• DATA:
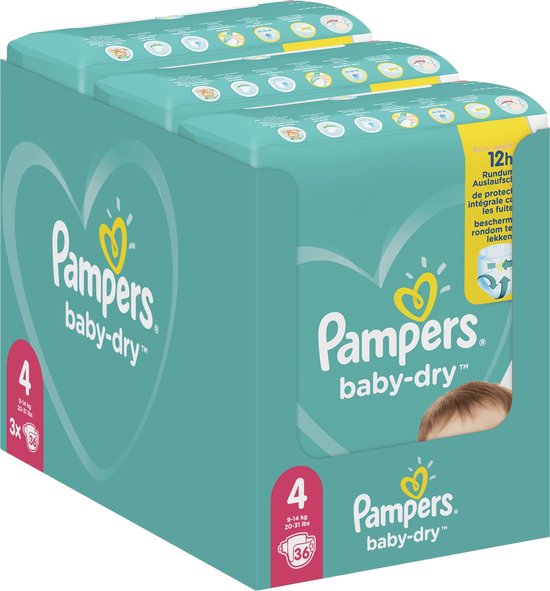 Pampers Baby-Dry Maat 4, 36 Luiers, Tot 12 Uur Bescherming, 9-14kg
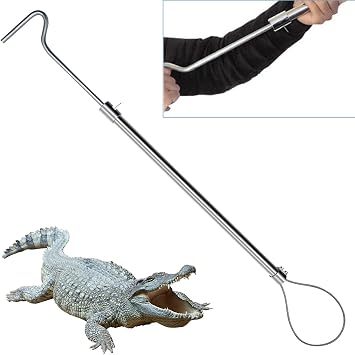 52 Alligator Catch Pole Extra Long Control Tool Capture Noose Stainless Steel Catching and Releasing Trap for Dogs Wolves Goats Catching Game Finders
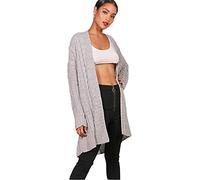 H&F ® New Women Ladies Long Sleeve 2 Side Pocket Chunky Cable Knitted Oversize Baggy Open Boyfriend Cardigan Size-16-18 20-22 24-26 (Grey, 16-18)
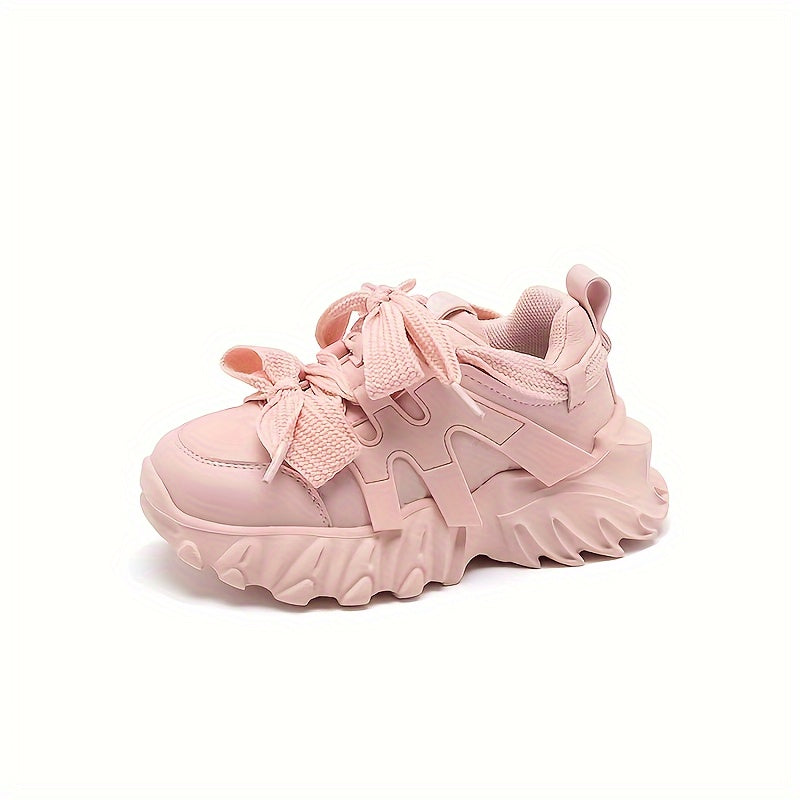 Beige Platform Chunky Sneakers Lace Up Comfort Walking Shoes
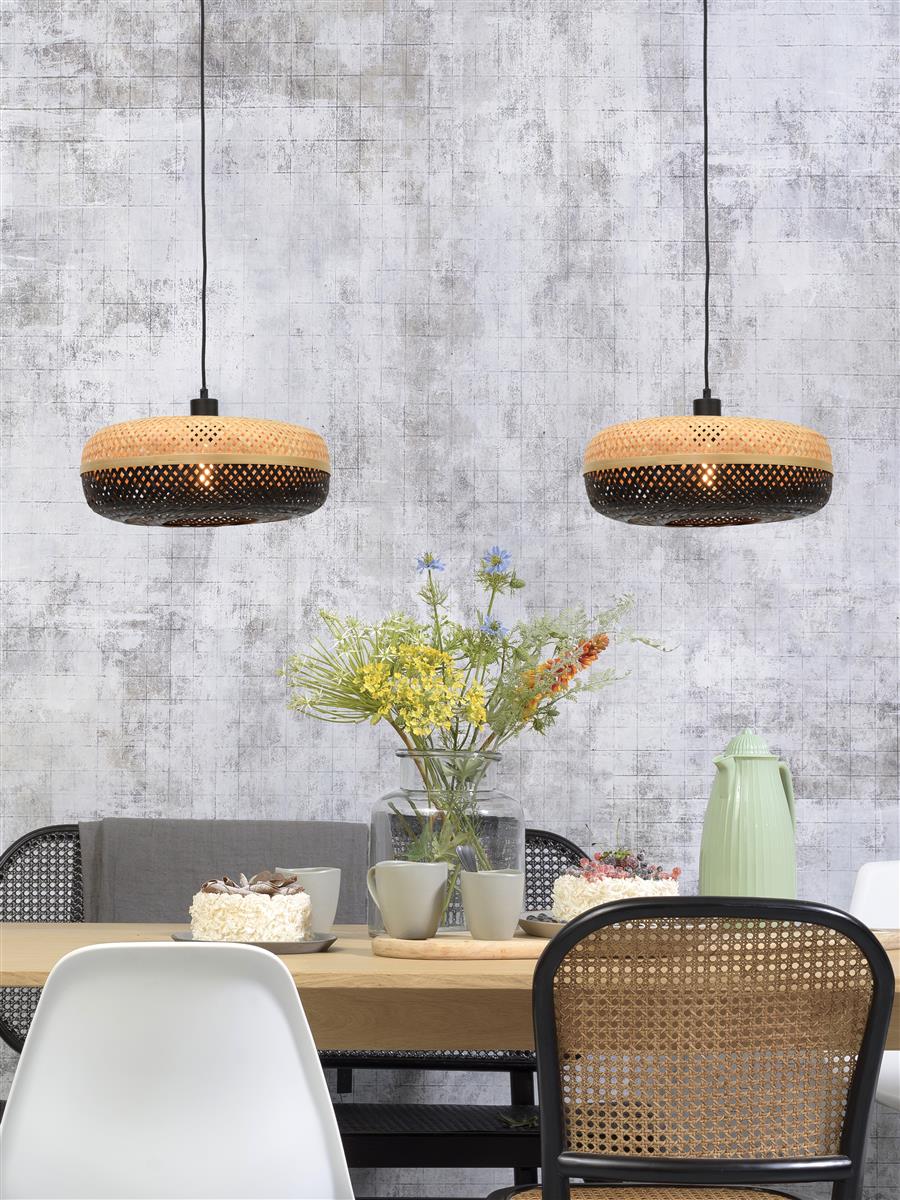 Good&Mojo I Hängeleuchte I PALAWAN I Farbe: Natur/Schwarz I Schirm: Ø40 x 15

• THE PROBLEM:
Quote the material exactly. Pictures stay out.

• TASK RESPONSE:
 Pampers Baby-Dry Maat 4, 36 Luiers, Tot 12 Uur Bescherming, 9-14kg
 52 Alligator Catch Pole Extra Long Control Tool Capture Noose Stainless Steel Catching and Releasing Trap for Dogs Wolves Goats Catching Game Finders
 H&F ® New Women Ladies Long Sleeve 2 Side Pocket Chunky Cable Knitted Oversize Baggy Open Boyfriend Cardigan Size-16-18 20-22 24-26 (Grey, 16-18)
 Beige Platform Chunky Sneakers Lace Up Comfort Walking Shoes
 Good&Mojo I Hängeleuchte I PALAWAN I Farbe: Natur/Schwarz I Schirm: Ø40 x 15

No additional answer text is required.